Wearing my tiger hat...

   Over the last few months, for various reasons - not least because he seems embattled from all sides - I have been re-reading some of the old tiger books.  Although this is an elephant blog I may talk about tigers a little over the next few weeks; as some of you know, my first foray into the wildlife conservation lark was at Tiger Tops in Chitwan National Park where, under the auspices of the Internation Trust for Nature Conservation, we performed tiger research - sometimes atop the Lodge's domestic elephants.

   Never a rigorous enough scientist to call myself a researcher I nonetheless discovered some other 'talents' that have since served me well and had a wonderful time with the proper trackers. 

   Ever since I have been involved with the tiger's world it has seemed a critical time for the stripy cat but I cannot remember a time when the world's attention needed to be focused more strongly on his plight - the censuses in India have come back far short of previously reported numbers (though this was not entirely unexpected and represents probably more accurate counting and reporting rather than sudden slaughter) but, perhaps more importantly, wealthy businessmen in China are now pressuring their Government to reopen the trade in farmed tiger parts, a move for which they have been breeding tigers intensively over a number of years.

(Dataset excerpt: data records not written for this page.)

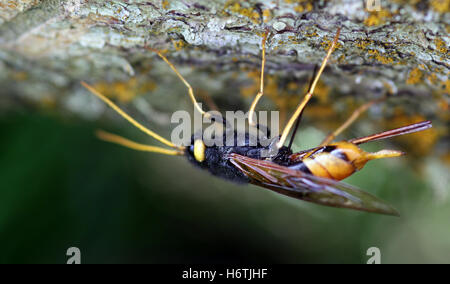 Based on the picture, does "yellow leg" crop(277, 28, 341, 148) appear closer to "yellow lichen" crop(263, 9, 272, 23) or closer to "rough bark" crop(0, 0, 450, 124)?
"rough bark" crop(0, 0, 450, 124)

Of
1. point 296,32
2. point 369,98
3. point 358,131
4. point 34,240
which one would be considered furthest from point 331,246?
point 34,240

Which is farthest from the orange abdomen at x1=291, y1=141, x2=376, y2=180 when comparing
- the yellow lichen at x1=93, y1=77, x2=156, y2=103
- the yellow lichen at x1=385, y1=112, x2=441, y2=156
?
the yellow lichen at x1=93, y1=77, x2=156, y2=103

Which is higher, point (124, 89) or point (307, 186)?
point (124, 89)

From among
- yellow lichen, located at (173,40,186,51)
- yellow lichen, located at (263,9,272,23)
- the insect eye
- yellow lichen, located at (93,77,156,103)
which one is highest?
yellow lichen, located at (93,77,156,103)

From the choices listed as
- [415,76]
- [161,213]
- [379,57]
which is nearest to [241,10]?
[379,57]

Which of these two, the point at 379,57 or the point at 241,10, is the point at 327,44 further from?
the point at 241,10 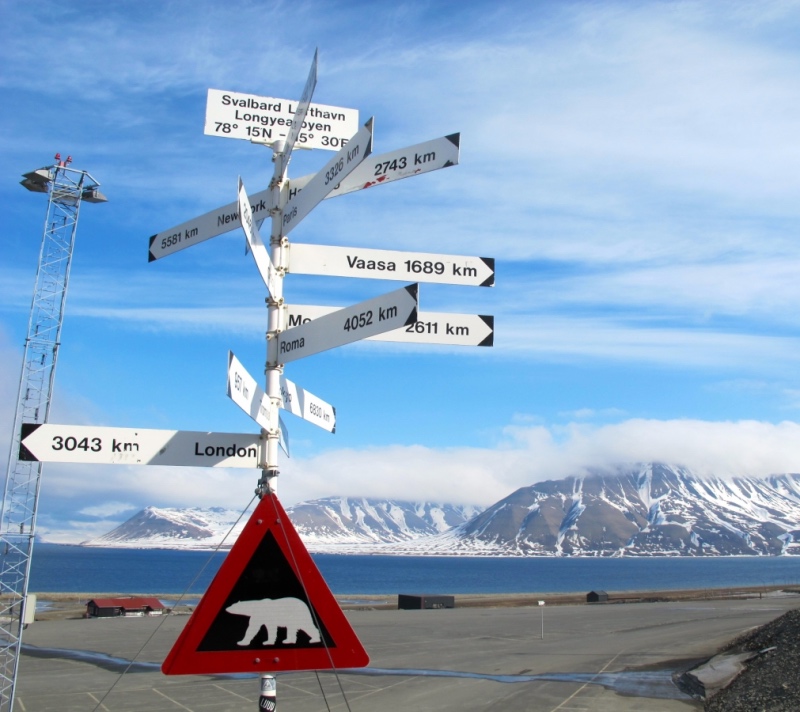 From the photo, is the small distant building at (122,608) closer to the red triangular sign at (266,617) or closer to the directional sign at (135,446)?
the directional sign at (135,446)

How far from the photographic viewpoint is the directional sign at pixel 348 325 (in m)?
4.66

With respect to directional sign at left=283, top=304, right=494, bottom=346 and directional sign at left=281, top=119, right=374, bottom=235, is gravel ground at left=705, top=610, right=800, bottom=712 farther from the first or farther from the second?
directional sign at left=281, top=119, right=374, bottom=235

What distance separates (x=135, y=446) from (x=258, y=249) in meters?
1.63

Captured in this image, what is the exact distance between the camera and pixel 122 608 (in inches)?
1754

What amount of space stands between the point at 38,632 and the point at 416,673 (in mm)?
20449

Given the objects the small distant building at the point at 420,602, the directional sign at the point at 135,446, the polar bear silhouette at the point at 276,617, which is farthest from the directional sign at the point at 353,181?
the small distant building at the point at 420,602

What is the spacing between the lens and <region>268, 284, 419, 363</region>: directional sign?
466 cm

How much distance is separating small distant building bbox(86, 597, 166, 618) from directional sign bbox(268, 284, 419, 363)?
4362 cm

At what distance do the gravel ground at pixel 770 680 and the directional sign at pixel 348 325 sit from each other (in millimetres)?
11813

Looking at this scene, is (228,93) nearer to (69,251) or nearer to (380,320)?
(380,320)

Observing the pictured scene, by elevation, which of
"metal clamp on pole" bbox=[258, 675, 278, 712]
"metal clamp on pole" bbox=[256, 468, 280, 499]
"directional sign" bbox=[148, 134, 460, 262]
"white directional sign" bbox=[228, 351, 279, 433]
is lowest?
"metal clamp on pole" bbox=[258, 675, 278, 712]

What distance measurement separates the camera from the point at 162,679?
1869 cm

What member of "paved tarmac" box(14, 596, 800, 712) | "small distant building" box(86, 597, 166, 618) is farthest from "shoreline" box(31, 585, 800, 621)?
"paved tarmac" box(14, 596, 800, 712)

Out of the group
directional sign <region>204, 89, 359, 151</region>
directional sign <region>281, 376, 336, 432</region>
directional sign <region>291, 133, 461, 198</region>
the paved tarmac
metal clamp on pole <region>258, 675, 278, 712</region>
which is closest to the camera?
metal clamp on pole <region>258, 675, 278, 712</region> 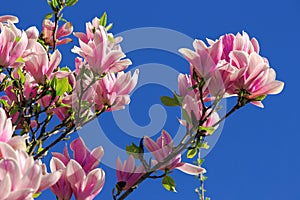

   Whilst I obviously come from a biased side of the argument it is hard to see how this move will not spell the end for wild tigers, in my next blog I will borrow the words of a far better informed researcher to go through the arguments.

   It is worth noting that the tiger 'zoo's' in Thailand have also been breeding for just such a move; even though illegal it is an open secret known to many an international NGO, most notably the EIA and the WCS, that 'medicinal' tiger parts from these farms - that many tourists are encouraged to visit - have been for sale in Bangkok markets.  The leading man in the Chiang Mai Night Safari, last year, promised that tiger meat would be available in all restaurants at the park, this comment was quickly rescinded following the outcry it caused and the Thai police and customs departments have worked admirably to put a stop to this trade and make life very difficult for the traders.

   It would be ironic if, just as Thailand is getting a hold on this problem, the Chinese were to make the trade there legal.

   Anyway, better informed comment in the next offering, for now I really only wanted to point out a passage in F.W. Champion's classic pioneering work "With a Camera in Tiger Land" that made me chuckle and I thought worth quoting to anyone who thinks I have an easy life (of course the chariacature doesn't exist at Anantara or Four Seasons necessarily - but it certainly isn't limited to Indian mahouts of the 1920's), over to Mr Champion...

   "On one occasion, in the hot weather, I came across a tiger, lying half-asleep in the sun at about 10 a.m., and completely blocking the path along which I was proceeding at the time.  We first saw him at a distance of about 30 yards, and, as his head was turned in the opposite direction, it was obviously an excellent opportunity to stalk right up to him.  My mahawat (s.i.c) on that occasion, however, a sullen and bad tempered man, argued I must shoot him straight away, and, when I refused, he retaliated by taking the elephant up fast and noisily, thereby causing the tiger to bolt at once.  This is the great difficulty which always has to be faced if one wishes to use tame elephants for the purpose of big-game photography.  The mahawats are trained from boyhood to expect the sahib eagerly to seize the opportunity to shoot animals like tigers, and they simply cannot understand anyone letting such opportunities slip for the sake of a paltry photograph, which, to them, means nothing whatever.  A mahawat loves of boast among fellows of the number of tigers that has been shot from his elephant, and he is always thinking of the 'bucksheesh' which accompanies the death of a tiger.  The photographer can overcome this later difficulty by giving large tips whenever he obtains a successful photograph, but, even then, nine mahawats out of ten will secretly despise him and think him quite unworthy to sit on their elephants."

   
...it must be pointed out that some of my best tiger video was taken from the Tiger Tops elephants and guests at my camps do not face similar problems - we do have lovely mahouts - but it just amused me to re-learn that, even in the halcyon days of British India, mahouts were a breed apart and no great respecters of rank and position.



...taken from the back of an elephant (Chan Chun Kali) back in my younger days.